What are Jimmy and Bunk up to these days? Music is almost as evocative as smell. Today when I played Thom Yorke’s solo cd, one song in particular reminded me of The Wire. It must be that I bought the cd when Mrs. Hart and I were deeply embedded in our first viewing of the series. I miss those characters and am still reeling from the end of the series when we had to say so long to them.

Stephen Daldry rules: another disk I played was the soundtrack from Billy Eliot. This was Stephen Daldry’s first stab at motion-picture directing. It is a wonderful movie and chokes up this vinegary Calvinist in ways reminiscent of dad, Jay Hart, who was a genuine weeper. From Billy Eliot, Daldry went on to direct The Hours, The Reader, and Extremely Loud & Incredibly Close. All of these are worthy of four stars and as many thumbs as you can find to put in the up position. The man knows how to pick good material and what to do with it.
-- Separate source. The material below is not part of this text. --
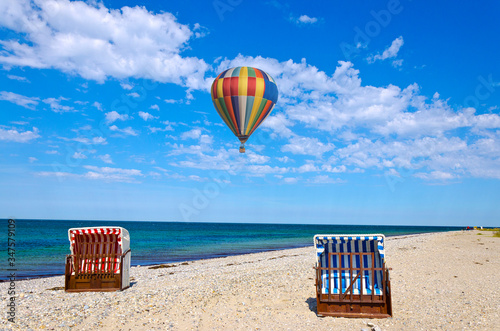 Strand mit Luftballon photo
Nothing could be finer: is there any prettier view than having the Appalachian Mountains on the horizon? (Having recently rewatched The Trip, I will grant that the Lake District gives the Blue Ridge region a real run for the money.) Granted, the East Coast’s mountain range would only count as hills in places like Turkey and Southern California. And they don’t have the grandeur of the Rockies, Alps, or Pontic Mountains. But the Appalachians possess a subtlety that should appeal to Reformed sensibilities shaped by the power of simplicity and order.

Of course, as our nemesis, PLM would remind us, all of this proves with utter certainty, epistemological and metaphysical, the truth of 2K.